De todos modos, quizá lo anterior estaba dicho ya, desde esa primera canción del primer disco que se ha citado más arriba. Al largo estribillo ya trascrito donde se dibuja la fiesta le sucede en la última estrofa esta concisa –y demoledora– verdad: “Usar palabras complicadas / Éramos todo fachada”. Descorrida la cortina de la vanalidad, se descubre el drama; entonces las fiestas que terminan al alba se explican por sí solas: “Hoy no quiero hablar / Prefiero bailar sin que me moleste nadie / Va a salir el sol / Será mejor que vaya pensando un plan “B” / No sé parar / Vivimos de verdad). Es lógico que, con este planteamiento, LCB defina así su quehacer artístico: “Para nosotros la clave de la arte es engañar a la vida: que de seguro es cruel, necia y absurda, viéndola (...). Siempre es verano en las canciones de LCB aunque han nacido para ser canciones de un día”. Y es que los chicos pop adoran lo pequeño precisamente porque han visto que lo grande carece de sentido.

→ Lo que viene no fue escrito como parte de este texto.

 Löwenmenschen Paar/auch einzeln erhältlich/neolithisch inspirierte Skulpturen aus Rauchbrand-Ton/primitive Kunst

Un arte de lo efímero cuando las grandes verdades han caído. Un discurso de lo casual, de lo desenfadado, cuando se teme –o se sabe– que la edad adulta es, por ejemplo, la metáfora perfecta de la rendición de los cuerpos, de las mentes, de la esperanza. No es fortuito que la última canción del último disco se titule “Treinta y tres”. En ella, bajo el manto de una historia de adulto y Lolita, se adivina toda la tensión del joven –¿del hombre ya?– que, cumplidos los treinta y tres, se despide de la adolescencia sabiendo que “ya no es posible ser feliz”. Copiemos el estribillo: “Yo tengo 33 y tú eres casi una menor / cómo es posible que entre tú y yo / exista algo que dure un tiempo. / Tú me recordarás como algo bueno que pasó / y yo estaré vuelto del revés / buscándote por el mundo entero”. No es raro que, ante esta visión, el propio Fran cante después: “Dios conmigo hizo una broma: / me dijo ven y luego toma”.



La Costa Brava han publicado:
Déjese querer por una loca (2003)
Los días más largos (2003)
Se hacen los interesantes (2004)
Llamadas perdidas (2004)
Los tres primeros aparecieron en el sello zaragozano Grabaciones en el Mar (www.grabacionesenelmar.com)
el cuarto lo hizo en la discográfica madrileña Mushroom Pilow (www.mushroompilow.com).